Since 2002, every year on June 12 the International Labour Organization (ILO) lends recognition to the cause of stopping child labor. World Day Against Child Labour is a way to highlight the plight of these children.
My foreign guests often ask me about child labor in Turkey. Statistics are not always easily available on the subject of child labor in countries where this happens. Based on the information available, you could say that one of the most concerning indicators in Turkey of economic inequality and discrimination is just this: the apparently high rate of child labor. I would like to just share with you some highlights taken from the following sources: a 2009 report called “Give girls a chance: Tackling child labour, a key to the future” by the International Labour Organization and an article I read on the Internet called “Child labour in Turkey exposes growing social inequality” (Aug. 18, 2010) at http://www.wsws.org/articles/2010/aug2010/turk-a18.shtml.
The following points about Turkey are based on reports by the Turkish Statistics Institute (TurkStat) and ILO.

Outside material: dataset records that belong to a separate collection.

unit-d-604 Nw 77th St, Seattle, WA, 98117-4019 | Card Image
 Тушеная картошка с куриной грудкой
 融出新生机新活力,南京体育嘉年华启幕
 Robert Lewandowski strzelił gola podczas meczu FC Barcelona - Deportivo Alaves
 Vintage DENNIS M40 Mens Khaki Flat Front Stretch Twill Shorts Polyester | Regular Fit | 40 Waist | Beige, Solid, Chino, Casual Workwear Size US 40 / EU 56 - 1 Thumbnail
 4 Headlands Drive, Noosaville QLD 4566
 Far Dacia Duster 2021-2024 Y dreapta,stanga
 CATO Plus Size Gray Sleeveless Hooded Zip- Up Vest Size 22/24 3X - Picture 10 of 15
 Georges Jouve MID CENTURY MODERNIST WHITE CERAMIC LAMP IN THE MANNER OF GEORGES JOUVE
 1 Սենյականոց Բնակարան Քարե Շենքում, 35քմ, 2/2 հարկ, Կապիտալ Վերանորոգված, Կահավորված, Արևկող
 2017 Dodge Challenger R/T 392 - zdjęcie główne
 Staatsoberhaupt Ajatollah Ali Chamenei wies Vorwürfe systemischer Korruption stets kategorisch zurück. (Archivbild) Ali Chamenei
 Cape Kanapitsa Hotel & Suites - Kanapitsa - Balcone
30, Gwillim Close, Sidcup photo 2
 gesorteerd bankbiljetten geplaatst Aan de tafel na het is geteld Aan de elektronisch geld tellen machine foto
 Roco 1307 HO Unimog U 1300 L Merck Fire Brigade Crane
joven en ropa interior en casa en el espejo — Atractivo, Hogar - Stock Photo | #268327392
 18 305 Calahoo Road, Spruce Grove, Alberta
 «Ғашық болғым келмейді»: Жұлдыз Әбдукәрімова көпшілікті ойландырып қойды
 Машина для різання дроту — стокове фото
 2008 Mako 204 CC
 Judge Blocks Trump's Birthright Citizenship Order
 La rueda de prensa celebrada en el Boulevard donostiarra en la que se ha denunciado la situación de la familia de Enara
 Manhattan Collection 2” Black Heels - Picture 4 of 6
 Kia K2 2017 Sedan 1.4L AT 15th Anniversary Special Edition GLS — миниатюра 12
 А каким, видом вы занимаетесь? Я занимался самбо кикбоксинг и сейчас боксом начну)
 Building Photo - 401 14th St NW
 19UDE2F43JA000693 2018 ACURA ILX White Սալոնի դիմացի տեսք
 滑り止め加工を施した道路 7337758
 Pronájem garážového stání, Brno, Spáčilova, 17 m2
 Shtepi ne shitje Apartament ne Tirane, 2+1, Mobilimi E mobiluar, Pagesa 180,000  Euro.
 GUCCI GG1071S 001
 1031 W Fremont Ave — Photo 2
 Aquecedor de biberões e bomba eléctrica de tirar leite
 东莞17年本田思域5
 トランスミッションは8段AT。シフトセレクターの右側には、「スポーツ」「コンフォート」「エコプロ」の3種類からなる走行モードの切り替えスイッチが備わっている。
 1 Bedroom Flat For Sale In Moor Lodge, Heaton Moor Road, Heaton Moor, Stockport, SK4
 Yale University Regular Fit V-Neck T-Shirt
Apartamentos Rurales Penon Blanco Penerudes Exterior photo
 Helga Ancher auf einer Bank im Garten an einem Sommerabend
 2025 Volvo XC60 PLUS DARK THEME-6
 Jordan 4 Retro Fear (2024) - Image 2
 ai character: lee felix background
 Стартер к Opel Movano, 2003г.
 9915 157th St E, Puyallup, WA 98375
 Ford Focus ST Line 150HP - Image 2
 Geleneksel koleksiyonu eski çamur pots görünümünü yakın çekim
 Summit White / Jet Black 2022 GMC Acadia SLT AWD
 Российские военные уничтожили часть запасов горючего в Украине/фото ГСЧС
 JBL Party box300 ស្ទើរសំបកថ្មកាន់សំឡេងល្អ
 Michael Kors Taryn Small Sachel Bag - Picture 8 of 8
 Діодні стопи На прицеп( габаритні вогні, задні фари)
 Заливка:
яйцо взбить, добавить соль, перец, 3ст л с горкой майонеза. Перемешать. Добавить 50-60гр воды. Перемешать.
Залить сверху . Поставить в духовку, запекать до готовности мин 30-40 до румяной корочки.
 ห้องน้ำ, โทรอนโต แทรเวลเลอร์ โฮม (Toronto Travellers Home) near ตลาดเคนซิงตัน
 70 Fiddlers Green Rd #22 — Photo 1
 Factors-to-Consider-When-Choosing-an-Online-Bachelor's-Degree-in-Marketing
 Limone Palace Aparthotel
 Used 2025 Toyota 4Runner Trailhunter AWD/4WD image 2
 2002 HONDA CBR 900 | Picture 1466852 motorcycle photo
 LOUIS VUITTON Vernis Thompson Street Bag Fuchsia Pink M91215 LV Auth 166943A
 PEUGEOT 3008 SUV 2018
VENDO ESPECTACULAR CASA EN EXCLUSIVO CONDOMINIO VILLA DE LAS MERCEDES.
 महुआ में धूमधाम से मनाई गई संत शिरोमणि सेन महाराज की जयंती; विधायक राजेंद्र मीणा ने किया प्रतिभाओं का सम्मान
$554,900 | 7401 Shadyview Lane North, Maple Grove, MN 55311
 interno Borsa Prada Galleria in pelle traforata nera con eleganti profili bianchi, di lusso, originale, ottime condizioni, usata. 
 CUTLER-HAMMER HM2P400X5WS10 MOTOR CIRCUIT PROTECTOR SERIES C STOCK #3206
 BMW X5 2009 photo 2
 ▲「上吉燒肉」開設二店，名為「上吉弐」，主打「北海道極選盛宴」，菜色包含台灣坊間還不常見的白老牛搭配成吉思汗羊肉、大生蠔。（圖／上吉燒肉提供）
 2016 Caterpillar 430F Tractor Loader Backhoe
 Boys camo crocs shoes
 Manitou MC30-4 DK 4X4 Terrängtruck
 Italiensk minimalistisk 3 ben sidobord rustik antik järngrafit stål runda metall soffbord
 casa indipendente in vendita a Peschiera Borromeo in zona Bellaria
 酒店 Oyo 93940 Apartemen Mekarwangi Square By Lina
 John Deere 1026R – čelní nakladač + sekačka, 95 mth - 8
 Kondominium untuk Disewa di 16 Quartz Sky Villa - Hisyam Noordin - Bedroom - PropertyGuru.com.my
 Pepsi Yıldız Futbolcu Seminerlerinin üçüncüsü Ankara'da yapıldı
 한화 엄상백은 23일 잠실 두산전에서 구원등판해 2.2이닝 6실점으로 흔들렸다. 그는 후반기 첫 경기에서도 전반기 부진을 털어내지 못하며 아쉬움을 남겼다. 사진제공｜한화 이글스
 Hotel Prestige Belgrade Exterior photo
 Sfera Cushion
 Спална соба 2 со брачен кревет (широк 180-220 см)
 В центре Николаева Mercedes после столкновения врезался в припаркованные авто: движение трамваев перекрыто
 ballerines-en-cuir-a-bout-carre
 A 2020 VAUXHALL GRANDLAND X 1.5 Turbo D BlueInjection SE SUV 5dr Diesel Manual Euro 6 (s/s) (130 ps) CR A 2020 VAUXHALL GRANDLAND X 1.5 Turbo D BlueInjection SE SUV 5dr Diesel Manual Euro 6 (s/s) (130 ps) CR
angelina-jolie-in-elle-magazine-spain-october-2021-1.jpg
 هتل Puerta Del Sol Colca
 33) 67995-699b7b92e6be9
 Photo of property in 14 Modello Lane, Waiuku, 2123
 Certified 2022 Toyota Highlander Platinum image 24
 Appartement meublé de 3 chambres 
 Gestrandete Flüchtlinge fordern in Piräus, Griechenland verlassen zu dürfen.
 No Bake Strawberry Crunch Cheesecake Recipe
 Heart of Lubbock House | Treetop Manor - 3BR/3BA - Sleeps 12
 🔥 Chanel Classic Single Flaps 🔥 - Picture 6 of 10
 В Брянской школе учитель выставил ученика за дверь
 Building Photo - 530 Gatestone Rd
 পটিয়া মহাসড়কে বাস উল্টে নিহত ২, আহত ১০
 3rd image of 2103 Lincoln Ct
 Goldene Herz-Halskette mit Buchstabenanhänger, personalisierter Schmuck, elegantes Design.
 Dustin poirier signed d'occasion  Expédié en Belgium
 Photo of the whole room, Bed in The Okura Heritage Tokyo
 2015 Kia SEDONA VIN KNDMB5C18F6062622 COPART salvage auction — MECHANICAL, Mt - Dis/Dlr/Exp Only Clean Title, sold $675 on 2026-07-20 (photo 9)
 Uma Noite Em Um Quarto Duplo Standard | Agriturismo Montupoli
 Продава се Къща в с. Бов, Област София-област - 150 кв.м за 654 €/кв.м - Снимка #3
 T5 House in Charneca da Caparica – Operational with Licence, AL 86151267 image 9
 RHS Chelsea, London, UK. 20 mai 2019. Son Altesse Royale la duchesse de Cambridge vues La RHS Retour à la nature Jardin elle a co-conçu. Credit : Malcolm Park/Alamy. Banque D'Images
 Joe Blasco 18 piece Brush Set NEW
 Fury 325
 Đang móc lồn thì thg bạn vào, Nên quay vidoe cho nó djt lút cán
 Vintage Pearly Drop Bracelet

*At least 6 percent of children between the ages of 6 and 17 are working.
*More than 15 percent of children in this age group do not attend school. Turkey is rated the third-worst out of 16 countries, following Mali and Senegal and in terms of hours worked weekly by children.
*Child laborers work on average 51 hours per week, and more than half of children aged 6 to 17 work to support their families' household income.
*Eighteen out of every 100 people in the labor force are children. These children are deprived of an education from the get-go and the opportunities that other children their age are provided.
*Fifty-six percent of children in the labor force come from families who have migrated from rural to urban areas.
We all know that child labor has been a problem everywhere and continues to be so in some countries. In order to help put bread on the table or buy a pair of shoes, children work in unhealthy and unsafe conditions. It is disturbing to know that there are children who are robbed of their childhood. Until laws were in place and the US Department of Labor began to investigate, this problem existed in my home country. Some of my British friends have told me about the workhouses there were in England during the Victorian days.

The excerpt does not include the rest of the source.